Microsoft’s framework for building AI systems responsibly
Today we are sharing publicly Microsoft’s Responsible AI Standard, a framework to guide how we build AI systems. It is an important step in our journey to develop better, more trustworthy AI. We are releasing our latest Responsible AI Standard to share what we have learned, invite feedback from others, and contribute to the discussion about building better norms and practices around AI.
Guiding product development towards more responsible outcomes
AI systems are the product of many different decisions made by those who develop and deploy them. From system purpose to how people interact with AI systems, we need to proactively guide these decisions toward more beneficial and equitable outcomes. That means keeping people and their goals at the center of system design decisions and respecting enduring values like fairness, reliability and safety, privacy and security, inclusiveness, transparency, and accountability.
The Responsible AI Standard sets out our best thinking on how we will build AI systems to uphold these values and earn society’s trust. It provides specific, actionable guidance for our teams that goes beyond the high-level principles that have dominated the AI landscape to date.
The Standard details concrete goals or outcomes that teams developing AI systems must strive to secure. These goals help break down a broad principle like ‘accountability’ into its key enablers, such as impact assessments, data governance, and human oversight. Each goal is then composed of a set of requirements, which are steps that teams must take to ensure that AI systems meet the goals throughout the system lifecycle. Finally, the Standard maps available tools and practices to specific requirements so that Microsoft’s teams implementing it have resources to help them succeed.

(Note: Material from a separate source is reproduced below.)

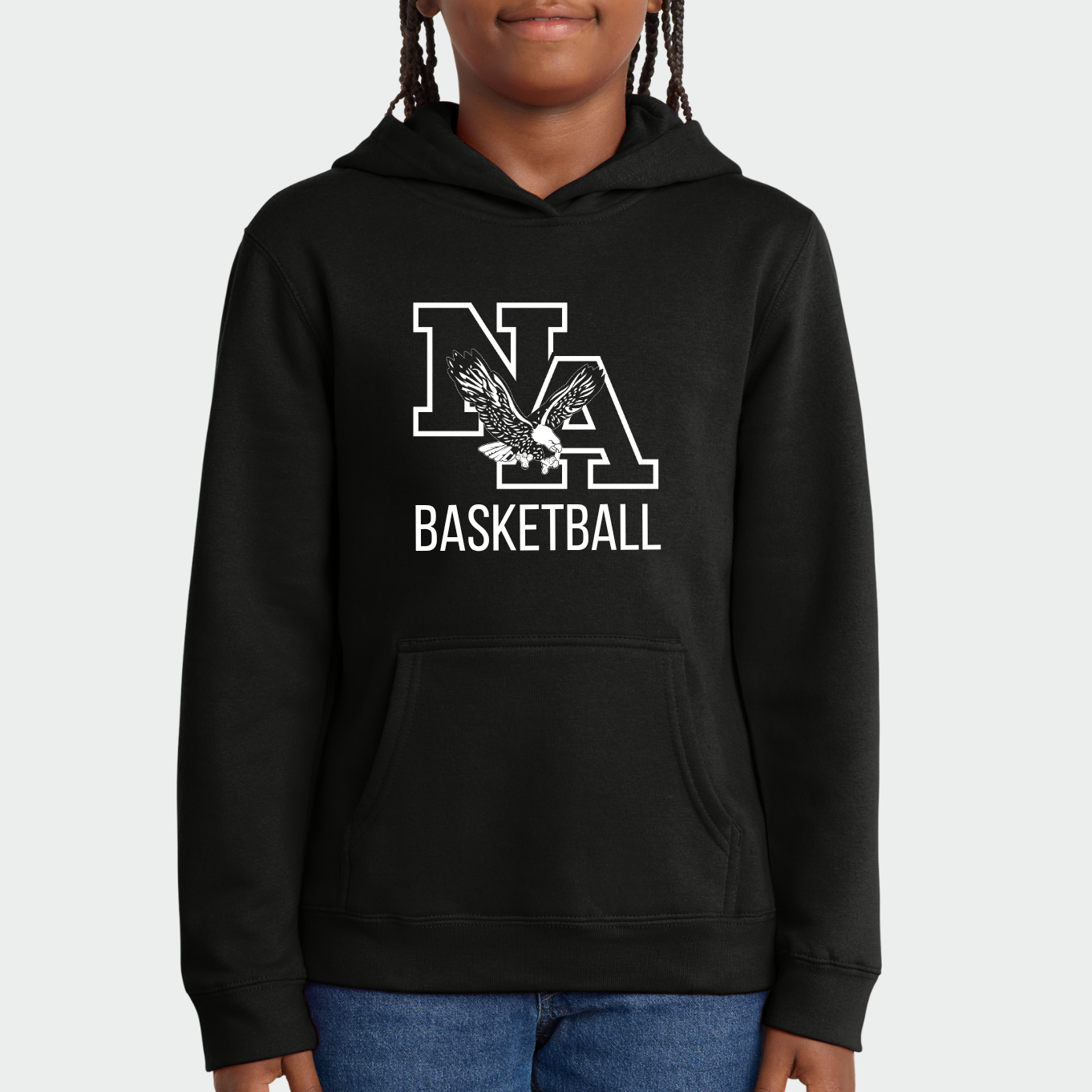 NAGTB: Hollow NA Basketball Hooded Sweatshirt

The need for this type of practical guidance is growing. AI is becoming more and more a part of our lives, and yet, our laws are lagging behind. They have not caught up with AI’s unique risks or society’s needs. While we see signs that government action on AI is expanding, we also recognize our responsibility to act. We believe that we need to work towards ensuring AI systems are responsible by design.

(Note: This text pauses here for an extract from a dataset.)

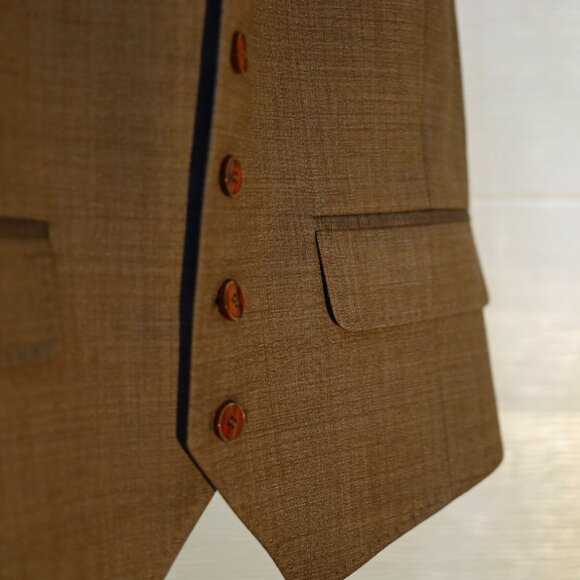 Ted Baker Tan Sport Coat and matching Waistcoat - Picture 2 of 10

Refining our policy and learning from our product experiences
Over the course of a year, a multidisciplinary group of researchers, engineers, and policy experts crafted the second version of our Responsible AI Standard. It builds on our previous responsible AI efforts, including the first version of the Standard that launched internally in the fall of 2019, as well as the latest research and some important lessons learned from our own product experiences.
Fairness in Speech-to-Text Technology
The potential of AI systems to exacerbate societal biases and inequities is one of the most widely recognized harms associated with these systems. In March 2020, an academic study revealed that speech-to-text technology across the tech sector produced error rates for members of some Black and African American communities that were nearly double those for white users. We stepped back, considered the study’s findings, and learned that our pre-release testing had not accounted satisfactorily for the rich diversity of speech across people with different backgrounds and from different regions. After the study was published, we engaged an expert sociolinguist to help us better understand this diversity and sought to expand our data collection efforts to narrow the performance gap in our speech-to-text technology. In the process, we found that we needed to grapple with challenging questions about how best to collect data from communities in a way that engages them appropriately and respectfully. We also learned the value of bringing experts into the process early, including to better understand factors that might account for variations in system performance.
The Responsible AI Standard records the pattern we followed to improve our speech-to-text technology. As we continue to roll out the Standard across the company, we expect the Fairness Goals and Requirements identified in it will help us get ahead of potential fairness harms.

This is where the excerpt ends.